Within the records that follow, restate exactly the lines from the line with "Nari Bed & Breakfast - Image 5" down to the line with "骨折不是老人專利！類固醇吃超", including both. Omit the pictures.

──────── MATERIAL SUPPLIED ────────

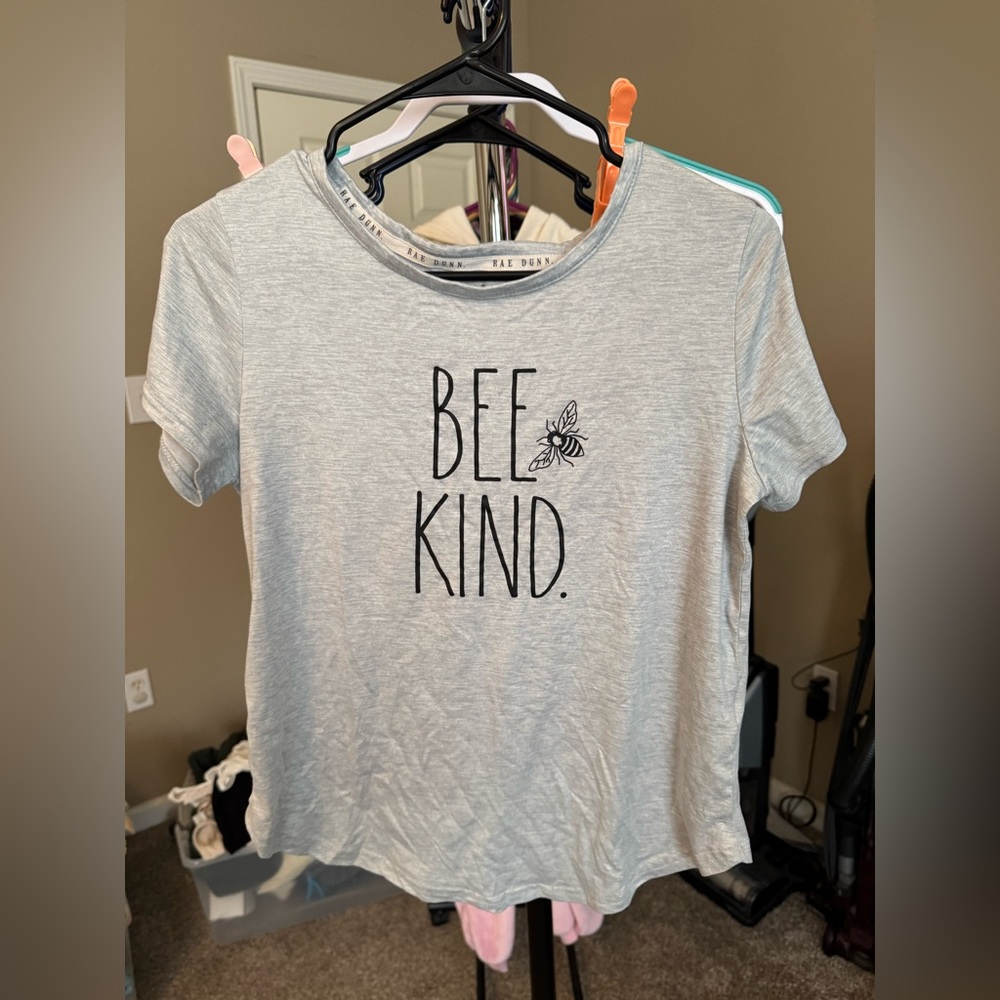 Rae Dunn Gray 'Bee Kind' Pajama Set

────────
──────── MATERIAL SUPPLIED ────────

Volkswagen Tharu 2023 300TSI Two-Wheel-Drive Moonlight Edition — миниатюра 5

────────
──────── MATERIAL SUPPLIED ────────

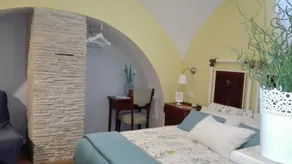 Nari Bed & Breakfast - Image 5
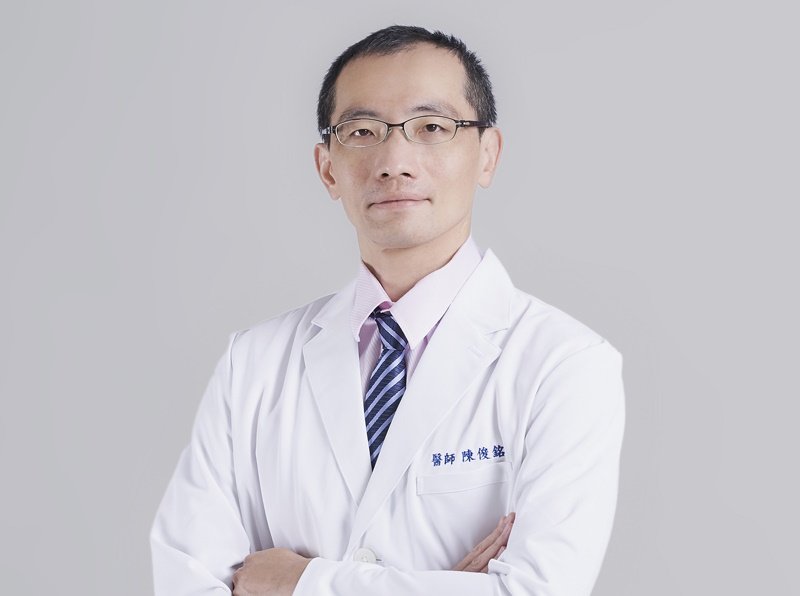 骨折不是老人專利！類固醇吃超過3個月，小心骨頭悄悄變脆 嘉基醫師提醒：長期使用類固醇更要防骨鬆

────────

** SOLUTION TO THE EXERCISE **
 Nari Bed & Breakfast - Image 5
 骨折不是老人專利！類固醇吃超過3個月，小心骨頭悄悄變脆 嘉基醫師提醒：長期使用類固醇更要防骨鬆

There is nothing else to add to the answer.